According to Carter, clients of the program must be between the ages of 14 to 25. They also must be either active in a gang, recently shot, or recently released from prison. Other Safe Streets workers, like Dante Barksdale, build relationships with people on the streets, they work most days of the week from two o'clock in the afternoon until two in the morning. He says that when a shooting occurs it affects a whole community.

TAPE: (29 SECONDS), Dante Tata Barksdale, Track 23--00:13:23,
IC: This stuff out here don't just affect those two people that's beefing. You got families involved. Everybody becomes victims. When somebody gets shot, both of their families become victims, the person who saw it that became the witness, he became a victim. His or her family became victims, everybody becomes victims, all because we couldn't find an alternative to the violence.

Barksdale works face-to-face with his clients on a weekly basis. He said that many of them don't have a photo I-D or a birth certificate. He helps them get started on the process, so they can obtain employment, enroll in school or get drug and alcohol treatment.


Jacquelyn Duval-Harvey serves as the Deputy Commissioner for Youth and Families, at the Baltimore City Health Department. She said that Safe Streets has worked to prevent violence, even in the parts of the city that have yet to implement the program.

TAPE: (29 SECONDS),Jacquelyn Duval-Harvey, Track 11--00:12:34
IC: In neighboring communities, what people had assumed would happen is that violence would shift if there was a concentration of positive efforts in one location, in one neighborhood that those perpetrators would simply move to another neighborhood and that's not happening. What we actually seen is that there are decreases in neighboring communities, so the message is spreading in a way that's very positive in that it's not shifting to other locations and just moving the problem to another site.

According to Baltimore City Health Department officials, the East and West Baltimore centers opened up about a year ago. The first Federal grant was for 382-thousand dollars. Subsequent federal grants provided 350-thousand dollars. With the help of this public and private money, the program has been extended for another 13 months.

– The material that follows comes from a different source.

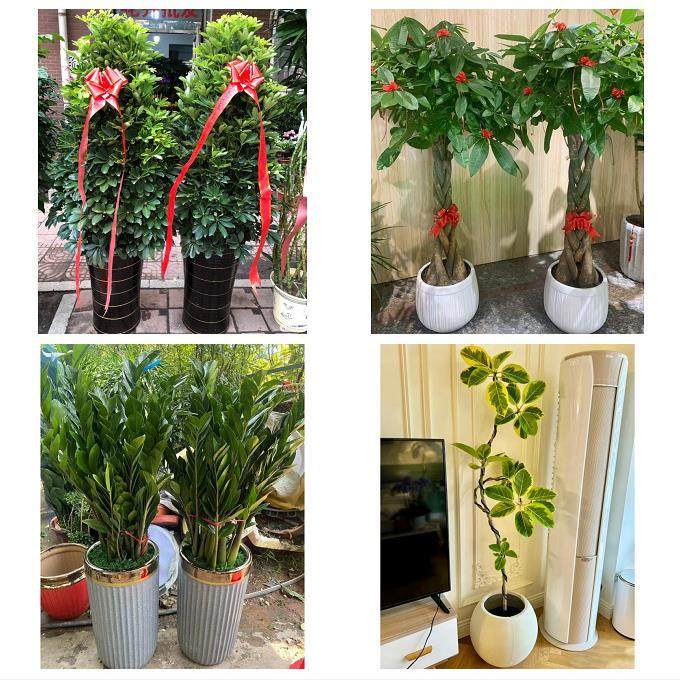 江门市蓬江江海新会区台山市同城鲜花店配送开业绿植发财树天堂鸟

Daniel Webster is the Co-Director for the Center for the Prevention of Youth Violence and the Center for Gun Policy and Research at Johns Hopkins University. He evaluates Safe Streets and says that shootings have gone down in East Baltimore, from an average of two-a-month three years ago, to less than one-a-month this past April. Reflecting the usual hot weather spike in shootings, Baltimore City Police say that 10 shootings and one homicide were recorded in the Eastern District last month.

TAPE: (26 SECONDS), Dr. Daniel Webster, Track 9--00:9:12
IC: So many people in Baltimore have become very cynical, that Oh, Baltimore is always going to be a violent place, it always has been a violent place.' A program like Safe Streets really is trying to change the whole way that we think about gun violence and the way communities think about gun violence, not as some inevitable thing that happens if you live in a somewhat low-income neighborhood in a central part of Baltimore that it's sort of a fact of life.

Carter says that Safe Streets is modeled after a program in Chicago, called CeaseFire. CeaseFire works to provide public education, conflict mediation and safe havens for members of their communities. He says he wants to do that too, and that his mission in life is to change community norms.

TAPE: (10 SECONDS), Gardnell Carter, Track 22--00:6:24
IC: Shooting and killing is not normal, it's not a normal thing, so, what we're trying to do is let people know that something that we have accepted as being normal is abnormal. And what is normal is that people should be loving one another instead of killing one another.



Researchers at Johns Hopkins University are still gathering data about the Safe Streets program in West Baltimore. They say that they still need more time to report on results. Health Department officials say they will publish them officially in December of this year, and conclude investigation of the program in 2009.

I'm Farrah Childs, reporting in East Baltimore, for 88-1, WYPR.